*** Block opens ***

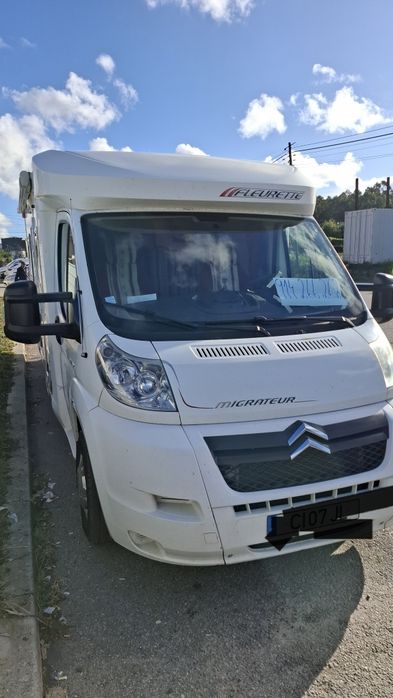 Autocaravana perfilada fleurette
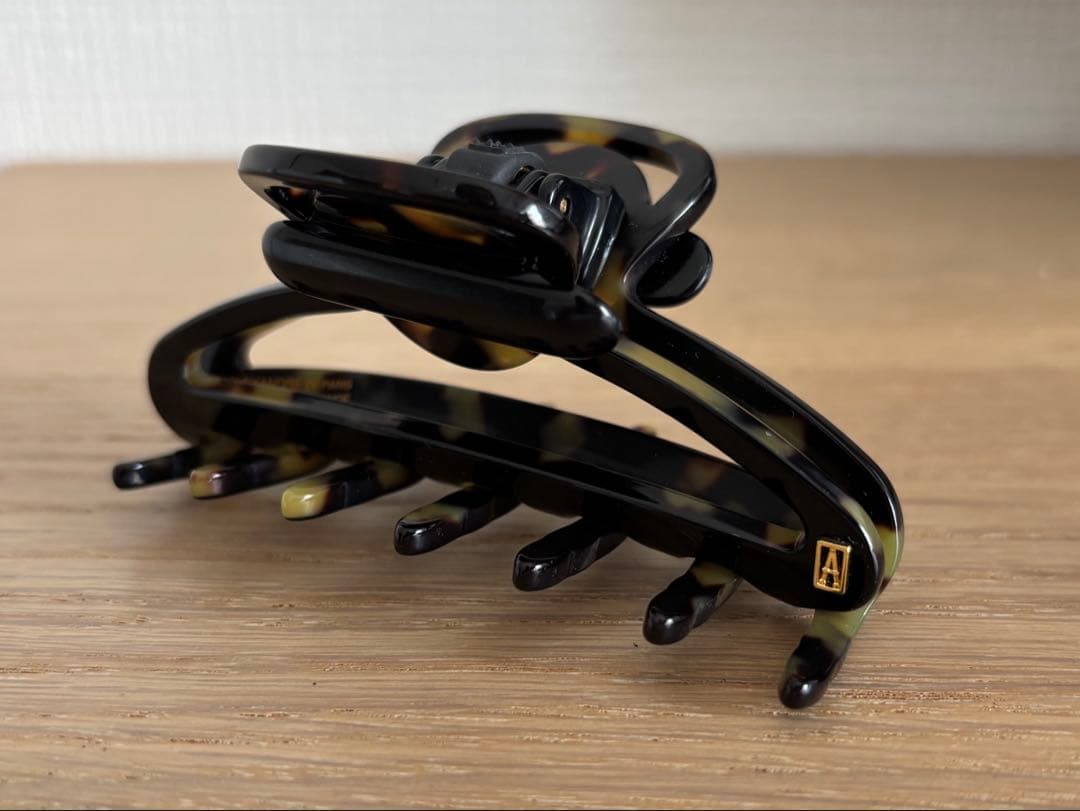 アレクサンドルドゥパリ Mクリップ（べっこう柄）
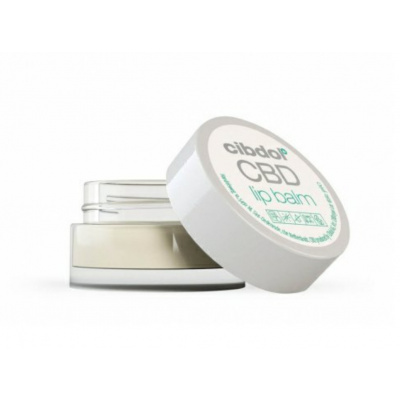 Cibdol Balzám na rty s CBD, 5ml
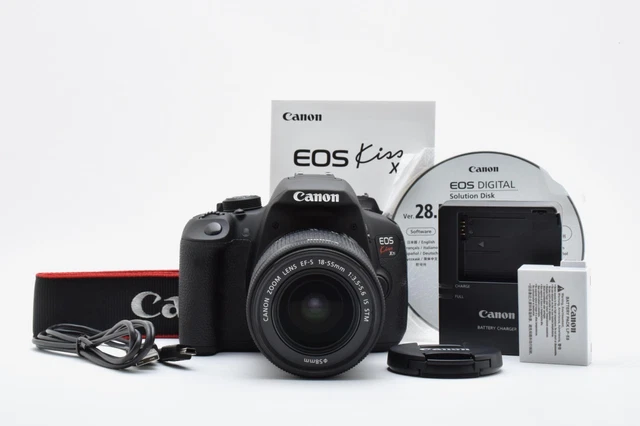 CANON EOS KISS X7 EF-S 18-55mm Lens Kit 477938 $425.10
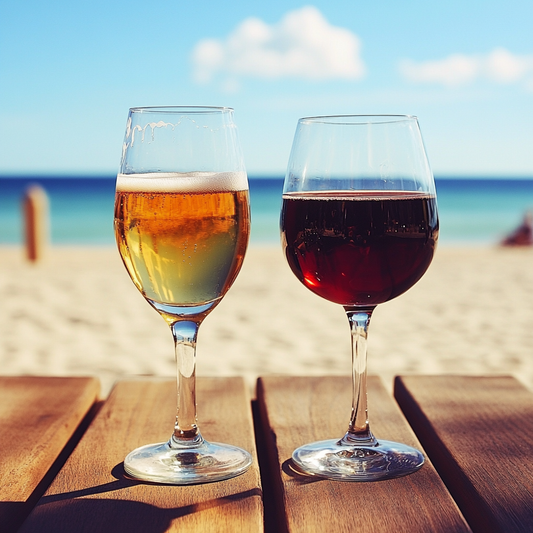 如何選擇夏季海灘派對的餐具與酒杯,搭配清涼飲品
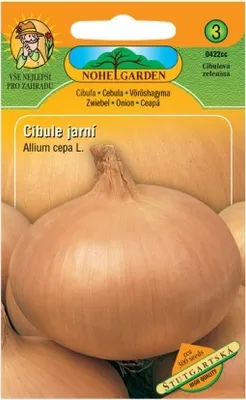 Obrázek produktu pro Nohel Garden Cibule jarní ŠTUTGARTSKÁ, žlutá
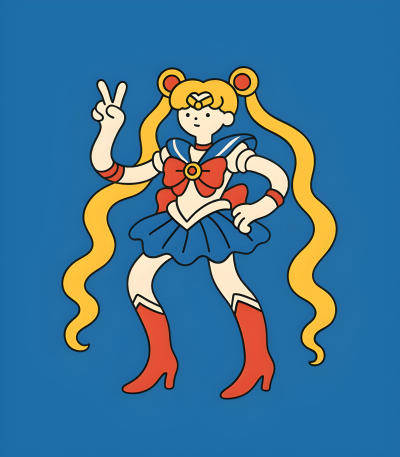 Whimsical Childrens Illustration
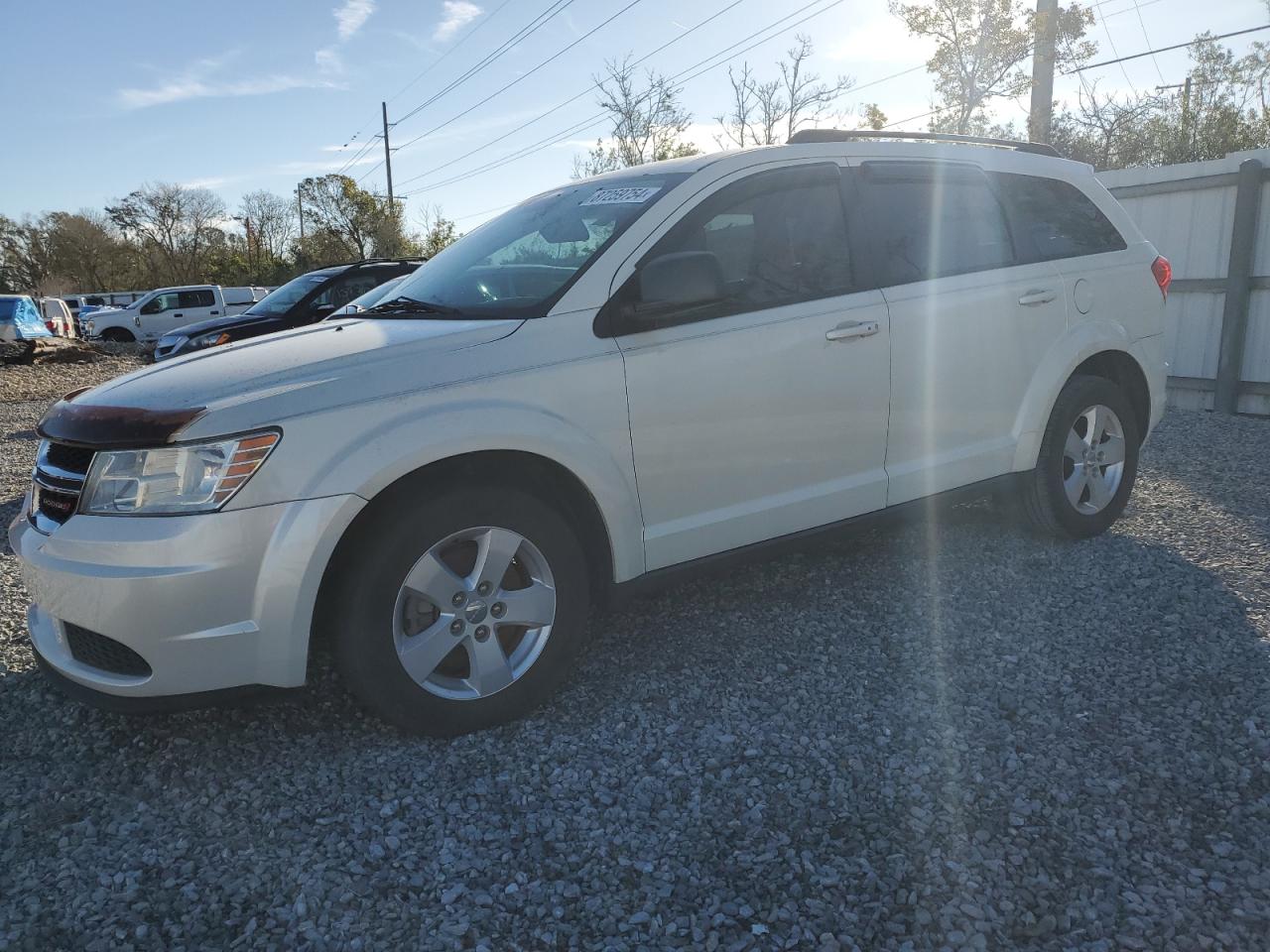 VIN 3C4PDCAB8DT536806 2013 DODGE JOURNEY no.1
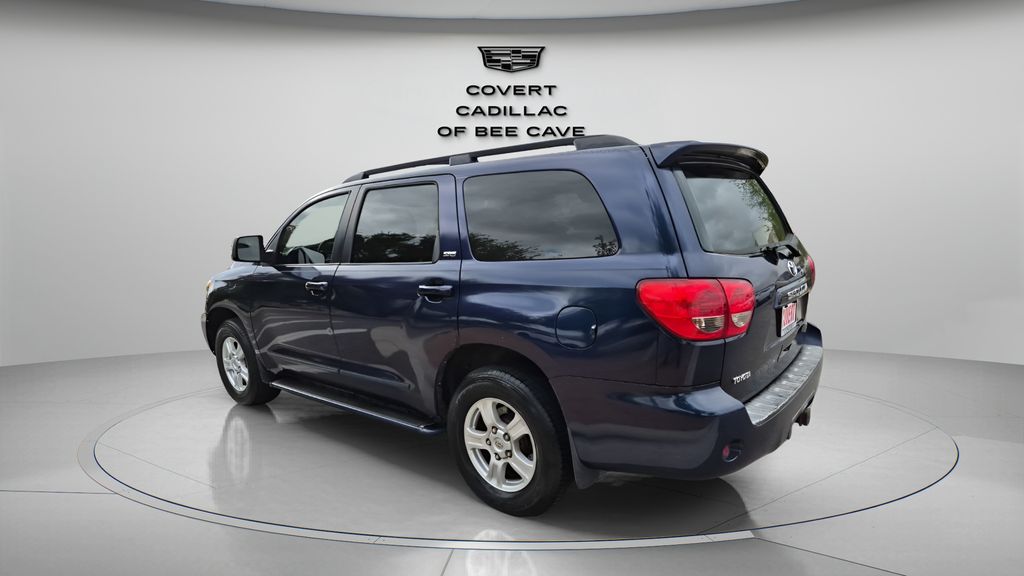 Used Car 2008 Toyota Sequoia  Sr5 For Sale Under $15,000 In Austin, Texas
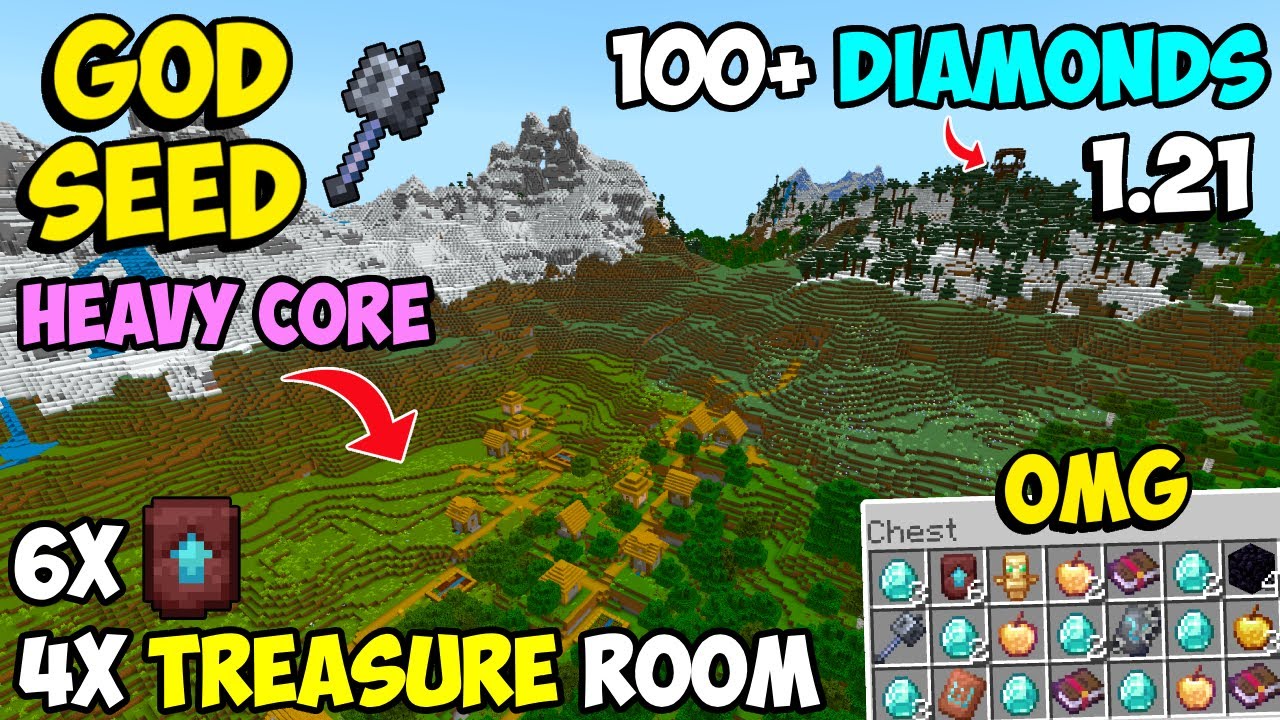 3 Best Ultimate God Seeds For Minecraft (1.21.11, 1.21.1) – Bedrock Edition
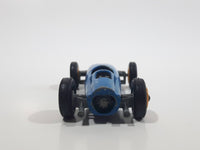 Vintage Lesney Matchbox Series No. 52 B.R.M. #5 Blue Die Cast Toy Race Car Vehicle Made in England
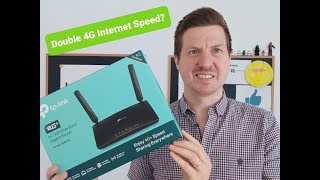 Double your 4G Internet speeds? | TPLink Archer MR600 Cat 6 Router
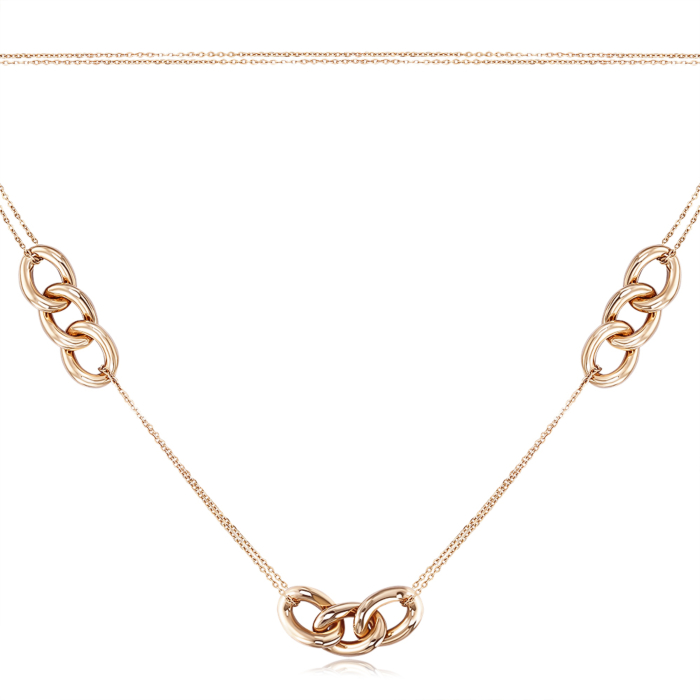 12345 Золоте кольє без вставки. Артикул 6067/66024/01/0 12345 грн80,525 12345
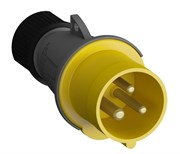 Вилка кабельная Easy&amp;Safe 216EP4,16А,2P+E,IP44,4ч
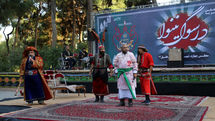 Kurosh Zarei: Tazieh and other ritual performances are considered the certificate of art and culture of Iran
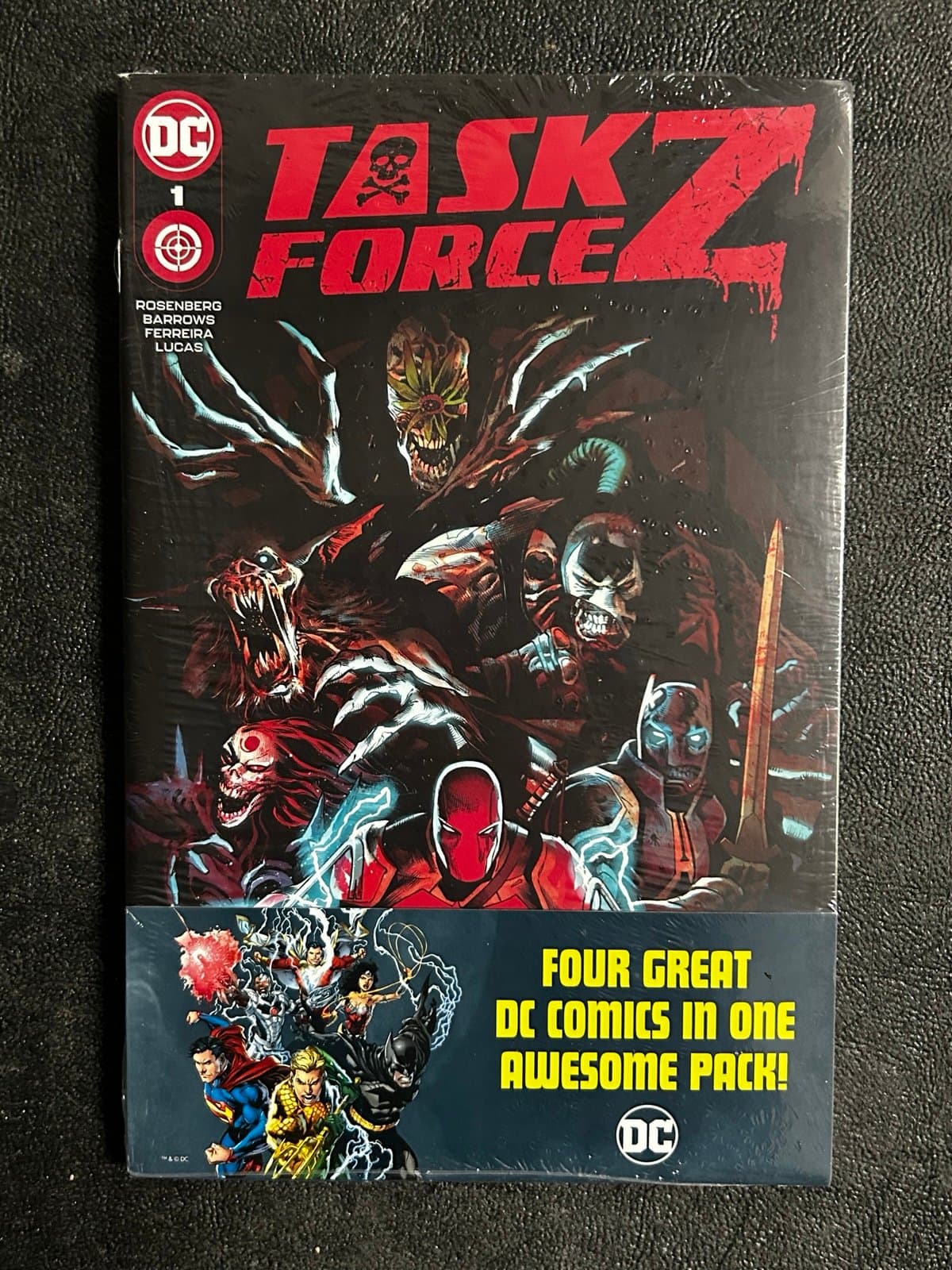 Walmart Four Great DC Comics in One Awesome Pack Lot of 4 Batgirls King Shark - Thumbnail 6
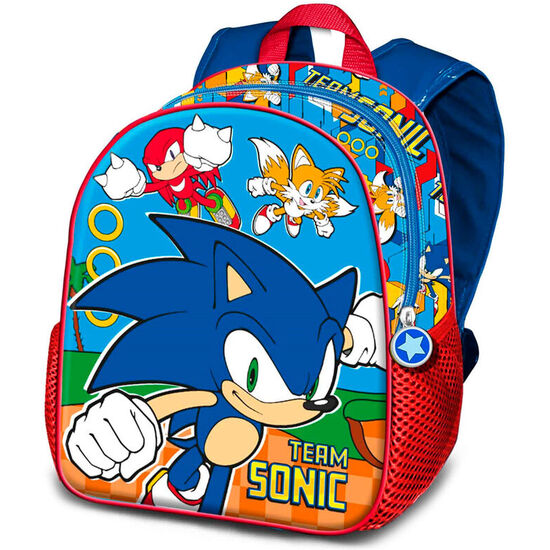 Comprar Mochila Team Sonic The Hedgehog 39cm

*** Block closes ***

- **Problem requirements**
Give back, word for word, the lines from the line that contains "Cibdol Balzám na rty s CBD, 5ml" through the last line of the records, with no pictures and nothing else.

- **Answer section**
 Cibdol Balzám na rty s CBD, 5ml
 CANON EOS KISS X7 EF-S 18-55mm Lens Kit 477938 $425.10
 如何選擇夏季海灘派對的餐具與酒杯,搭配清涼飲品
 Obrázek produktu pro Nohel Garden Cibule jarní ŠTUTGARTSKÁ, žlutá
 Whimsical Childrens Illustration
 VIN 3C4PDCAB8DT536806 2013 DODGE JOURNEY no.1
 Used Car 2008 Toyota Sequoia  Sr5 For Sale Under $15,000 In Austin, Texas
 3 Best Ultimate God Seeds For Minecraft (1.21.11, 1.21.1) – Bedrock Edition
 Vintage Lesney Matchbox Series No. 52 B.R.M. #5 Blue Die Cast Toy Race Car Vehicle Made in England
 Double your 4G Internet speeds? | TPLink Archer MR600 Cat 6 Router
 12345 Золоте кольє без вставки. Артикул 6067/66024/01/0 12345 грн80,525 12345
 Вилка кабельная Easy&amp;Safe 216EP4,16А,2P+E,IP44,4ч
 Kurosh Zarei: Tazieh and other ritual performances are considered the certificate of art and culture of Iran
 Walmart Four Great DC Comics in One Awesome Pack Lot of 4 Batgirls King Shark - Thumbnail 6
 Comprar Mochila Team Sonic The Hedgehog 39cm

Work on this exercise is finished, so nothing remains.